Tuesday, April 11, 2017

Broke SABC has launched a new campaign asking viewers to pay their SABC TV licences as 'an investment in the future of our country'.

The out-of-cash SABC that urgently needs a massive cash injection before the end of this month has launched a new public awareness campaign this month asking South Africans to pay their SABC TV licences, saying it "is an investment in the future of our country".

"As the SABC we say, pay your TV licence as everything is #MadePossibleByYou," says the SABC in a statement.

The South African public broadcaster currently has 9 million active SABC TV licence payers on its database.

South Africa however has over 19.1 million TV households, with the vast majority of the over 44 million TV viewers not paying for a SABC TV licence.

The SABC says it has "embarked on a drive to create awareness around the benefits of paying your TV licence" with the latest marketing campaign that will use SABC on-air talent like Leanne Manas, Ismail Abrahams and Thomas Mlambo hitting the road to share stories of how the payment of TV licences has made it possible for them to contribute to the lives of others.

SABC viewers are also seeing the late actor and producer, Joe Mafela who unexpectedly passed away last month, as part of the marketing campaign. He was included in the latest SABC TV licence campaign and recorded a message two weeks before his death.

"The TV licence fee that the public pays does not only directly fund investment in much-needed media infrastructure and content development; it contributes to enabling the youth to acquire valuable skills.

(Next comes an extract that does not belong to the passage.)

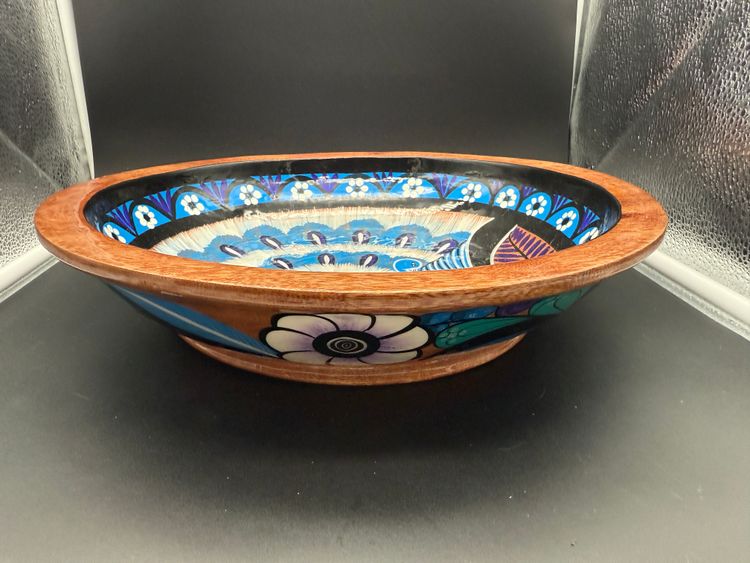 BEAUTIFUL Hand Painted Lacquered Wooden Bowl Mexican Bird Peacock Folk Art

Therefore, paying your TV licence is an investment in the future of our country," says SABC spokesperson Kaizer Kganyago.

The crippled SABC that's bleeding the last of its cash reserves and that has stopped paying all its service providers and TV producers at the end of March, is urgently waiting on the new minister of communications, Ayanda Dlodlo as well as treasury to hear what kind of bail-out the public broadcaster will get to help it stay afloat.